*Work request*
Find the line containing "Pekanbaru Hotel |" in the entries below. Restate it and each line after it, word for word, up to and including the line containing "Clementoni Puzzle 1500".

━━━ Records for the task

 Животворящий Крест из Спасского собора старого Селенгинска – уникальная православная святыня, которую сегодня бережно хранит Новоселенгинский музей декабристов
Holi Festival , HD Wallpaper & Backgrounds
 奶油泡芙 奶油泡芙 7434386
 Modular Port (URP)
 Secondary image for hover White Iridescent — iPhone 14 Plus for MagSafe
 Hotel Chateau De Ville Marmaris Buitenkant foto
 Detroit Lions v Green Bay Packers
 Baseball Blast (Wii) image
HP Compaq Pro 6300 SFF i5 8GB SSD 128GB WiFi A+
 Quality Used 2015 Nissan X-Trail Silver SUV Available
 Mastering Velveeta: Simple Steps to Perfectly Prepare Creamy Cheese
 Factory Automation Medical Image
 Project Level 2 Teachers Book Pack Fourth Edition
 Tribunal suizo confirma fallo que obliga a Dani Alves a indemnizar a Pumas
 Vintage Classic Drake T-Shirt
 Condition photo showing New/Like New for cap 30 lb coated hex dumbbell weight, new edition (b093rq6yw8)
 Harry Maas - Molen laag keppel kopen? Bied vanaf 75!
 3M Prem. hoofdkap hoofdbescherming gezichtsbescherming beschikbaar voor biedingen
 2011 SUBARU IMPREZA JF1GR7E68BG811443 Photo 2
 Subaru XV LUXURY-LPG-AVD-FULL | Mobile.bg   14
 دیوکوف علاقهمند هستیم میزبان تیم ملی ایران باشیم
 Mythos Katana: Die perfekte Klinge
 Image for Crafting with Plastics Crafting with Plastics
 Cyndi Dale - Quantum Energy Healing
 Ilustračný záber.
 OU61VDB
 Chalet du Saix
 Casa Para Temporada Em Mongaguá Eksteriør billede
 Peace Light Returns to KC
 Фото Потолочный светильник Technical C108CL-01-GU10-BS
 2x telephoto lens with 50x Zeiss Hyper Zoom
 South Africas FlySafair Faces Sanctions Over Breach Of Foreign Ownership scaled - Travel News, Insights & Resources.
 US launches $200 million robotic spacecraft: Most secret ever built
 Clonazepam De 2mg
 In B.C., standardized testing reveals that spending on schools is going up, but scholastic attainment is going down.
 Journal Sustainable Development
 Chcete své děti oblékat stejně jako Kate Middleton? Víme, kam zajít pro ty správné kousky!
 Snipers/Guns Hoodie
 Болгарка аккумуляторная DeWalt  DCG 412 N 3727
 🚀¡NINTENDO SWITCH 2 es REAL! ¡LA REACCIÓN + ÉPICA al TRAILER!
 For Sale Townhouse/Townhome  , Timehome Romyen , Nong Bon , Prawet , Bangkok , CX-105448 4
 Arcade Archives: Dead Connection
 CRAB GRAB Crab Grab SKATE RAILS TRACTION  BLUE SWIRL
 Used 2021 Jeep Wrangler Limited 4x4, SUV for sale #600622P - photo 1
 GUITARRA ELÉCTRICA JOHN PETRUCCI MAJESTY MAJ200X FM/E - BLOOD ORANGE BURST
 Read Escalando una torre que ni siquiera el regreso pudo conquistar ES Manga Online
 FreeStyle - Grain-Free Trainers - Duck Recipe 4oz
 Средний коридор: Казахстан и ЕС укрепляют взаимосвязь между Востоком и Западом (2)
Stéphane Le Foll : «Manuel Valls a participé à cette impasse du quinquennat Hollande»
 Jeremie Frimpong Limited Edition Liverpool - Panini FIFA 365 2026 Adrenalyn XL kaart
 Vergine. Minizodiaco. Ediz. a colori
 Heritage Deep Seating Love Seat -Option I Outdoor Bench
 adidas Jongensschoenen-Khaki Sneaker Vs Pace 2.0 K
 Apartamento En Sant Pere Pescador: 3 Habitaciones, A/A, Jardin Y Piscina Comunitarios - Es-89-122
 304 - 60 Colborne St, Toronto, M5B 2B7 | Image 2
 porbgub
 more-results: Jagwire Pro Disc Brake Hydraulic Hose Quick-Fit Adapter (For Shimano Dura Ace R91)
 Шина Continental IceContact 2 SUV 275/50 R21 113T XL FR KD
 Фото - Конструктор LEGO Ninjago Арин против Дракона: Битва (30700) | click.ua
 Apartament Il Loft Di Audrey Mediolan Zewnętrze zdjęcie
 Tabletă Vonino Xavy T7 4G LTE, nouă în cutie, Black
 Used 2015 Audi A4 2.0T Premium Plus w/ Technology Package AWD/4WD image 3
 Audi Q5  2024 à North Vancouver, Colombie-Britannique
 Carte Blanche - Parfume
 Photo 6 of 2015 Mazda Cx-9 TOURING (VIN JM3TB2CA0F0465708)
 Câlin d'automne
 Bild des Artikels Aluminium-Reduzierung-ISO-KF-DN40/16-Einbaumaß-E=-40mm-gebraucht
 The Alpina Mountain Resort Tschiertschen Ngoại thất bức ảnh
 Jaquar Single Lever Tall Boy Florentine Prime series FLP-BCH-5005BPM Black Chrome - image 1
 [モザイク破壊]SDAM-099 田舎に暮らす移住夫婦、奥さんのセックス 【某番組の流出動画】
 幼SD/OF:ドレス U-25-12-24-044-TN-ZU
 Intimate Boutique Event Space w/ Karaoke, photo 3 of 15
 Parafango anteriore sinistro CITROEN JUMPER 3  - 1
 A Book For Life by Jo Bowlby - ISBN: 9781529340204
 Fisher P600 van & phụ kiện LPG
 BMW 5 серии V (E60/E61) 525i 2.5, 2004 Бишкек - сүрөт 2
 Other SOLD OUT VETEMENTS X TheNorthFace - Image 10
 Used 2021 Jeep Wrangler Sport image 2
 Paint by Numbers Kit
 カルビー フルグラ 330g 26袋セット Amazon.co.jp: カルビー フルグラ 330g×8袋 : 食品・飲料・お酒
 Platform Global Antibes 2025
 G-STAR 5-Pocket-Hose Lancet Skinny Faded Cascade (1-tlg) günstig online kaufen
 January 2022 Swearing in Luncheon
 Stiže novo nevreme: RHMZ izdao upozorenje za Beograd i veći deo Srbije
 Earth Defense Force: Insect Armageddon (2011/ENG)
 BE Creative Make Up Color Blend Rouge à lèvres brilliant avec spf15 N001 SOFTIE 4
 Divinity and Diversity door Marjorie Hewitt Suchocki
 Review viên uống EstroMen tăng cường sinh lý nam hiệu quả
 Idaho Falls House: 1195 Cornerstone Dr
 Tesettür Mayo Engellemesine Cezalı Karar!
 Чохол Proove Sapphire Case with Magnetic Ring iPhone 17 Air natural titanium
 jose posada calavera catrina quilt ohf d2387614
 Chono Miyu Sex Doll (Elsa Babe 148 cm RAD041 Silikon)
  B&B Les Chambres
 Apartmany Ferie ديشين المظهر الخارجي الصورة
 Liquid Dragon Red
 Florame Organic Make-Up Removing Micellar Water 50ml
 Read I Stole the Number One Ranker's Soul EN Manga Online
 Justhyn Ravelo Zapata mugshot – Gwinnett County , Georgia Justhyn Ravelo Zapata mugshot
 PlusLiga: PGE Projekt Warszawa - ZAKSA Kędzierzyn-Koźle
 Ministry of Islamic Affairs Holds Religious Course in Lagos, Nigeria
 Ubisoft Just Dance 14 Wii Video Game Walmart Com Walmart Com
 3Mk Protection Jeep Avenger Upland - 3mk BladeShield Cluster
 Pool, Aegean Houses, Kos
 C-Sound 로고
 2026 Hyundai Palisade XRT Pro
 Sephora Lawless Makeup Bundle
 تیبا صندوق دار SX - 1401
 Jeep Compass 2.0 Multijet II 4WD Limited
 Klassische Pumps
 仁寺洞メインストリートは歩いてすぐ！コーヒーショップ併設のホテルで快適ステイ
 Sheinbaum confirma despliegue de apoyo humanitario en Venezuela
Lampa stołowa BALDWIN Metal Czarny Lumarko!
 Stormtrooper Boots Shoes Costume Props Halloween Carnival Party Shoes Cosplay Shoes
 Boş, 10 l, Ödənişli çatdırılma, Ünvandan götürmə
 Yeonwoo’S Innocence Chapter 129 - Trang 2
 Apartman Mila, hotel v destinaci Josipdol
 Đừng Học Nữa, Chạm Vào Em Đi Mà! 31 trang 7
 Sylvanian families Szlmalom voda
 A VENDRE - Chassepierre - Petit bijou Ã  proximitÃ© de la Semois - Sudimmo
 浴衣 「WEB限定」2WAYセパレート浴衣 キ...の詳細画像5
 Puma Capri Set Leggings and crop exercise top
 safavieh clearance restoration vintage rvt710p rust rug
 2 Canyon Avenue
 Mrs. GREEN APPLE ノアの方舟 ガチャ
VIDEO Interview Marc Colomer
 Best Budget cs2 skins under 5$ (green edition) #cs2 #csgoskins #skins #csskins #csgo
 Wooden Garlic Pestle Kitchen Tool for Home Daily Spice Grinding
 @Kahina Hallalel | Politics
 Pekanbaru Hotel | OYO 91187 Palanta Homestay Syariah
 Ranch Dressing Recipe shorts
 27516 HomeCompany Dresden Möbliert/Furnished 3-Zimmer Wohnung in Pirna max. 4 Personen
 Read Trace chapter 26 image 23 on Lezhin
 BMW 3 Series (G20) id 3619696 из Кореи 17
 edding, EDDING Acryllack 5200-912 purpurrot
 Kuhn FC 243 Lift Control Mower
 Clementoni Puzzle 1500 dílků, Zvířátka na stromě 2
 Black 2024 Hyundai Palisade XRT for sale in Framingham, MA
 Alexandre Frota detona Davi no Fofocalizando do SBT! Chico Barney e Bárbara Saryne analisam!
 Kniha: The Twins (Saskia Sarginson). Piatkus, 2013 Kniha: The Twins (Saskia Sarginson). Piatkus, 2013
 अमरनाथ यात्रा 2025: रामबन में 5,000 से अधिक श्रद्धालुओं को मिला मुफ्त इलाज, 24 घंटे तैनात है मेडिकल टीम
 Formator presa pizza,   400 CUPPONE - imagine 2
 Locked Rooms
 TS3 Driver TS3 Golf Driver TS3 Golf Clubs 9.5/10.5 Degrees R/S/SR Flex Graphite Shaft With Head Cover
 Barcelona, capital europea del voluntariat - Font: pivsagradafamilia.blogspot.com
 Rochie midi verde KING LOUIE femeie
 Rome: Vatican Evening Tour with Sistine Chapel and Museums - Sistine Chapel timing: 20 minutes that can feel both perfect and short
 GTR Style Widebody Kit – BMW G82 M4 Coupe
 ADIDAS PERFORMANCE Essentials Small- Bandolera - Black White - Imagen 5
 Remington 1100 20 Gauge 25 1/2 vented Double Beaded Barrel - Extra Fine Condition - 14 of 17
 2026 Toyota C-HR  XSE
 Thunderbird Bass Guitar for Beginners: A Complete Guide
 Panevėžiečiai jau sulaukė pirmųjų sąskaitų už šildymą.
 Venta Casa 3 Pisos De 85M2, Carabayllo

━━━━━━

*Answer for this exercise*
 Pekanbaru Hotel | OYO 91187 Palanta Homestay Syariah
 Ranch Dressing Recipe shorts
 27516 HomeCompany Dresden Möbliert/Furnished 3-Zimmer Wohnung in Pirna max. 4 Personen
 Read Trace chapter 26 image 23 on Lezhin
 BMW 3 Series (G20) id 3619696 из Кореи 17
 edding, EDDING Acryllack 5200-912 purpurrot
 Kuhn FC 243 Lift Control Mower
 Clementoni Puzzle 1500 dílků, Zvířátka na stromě 2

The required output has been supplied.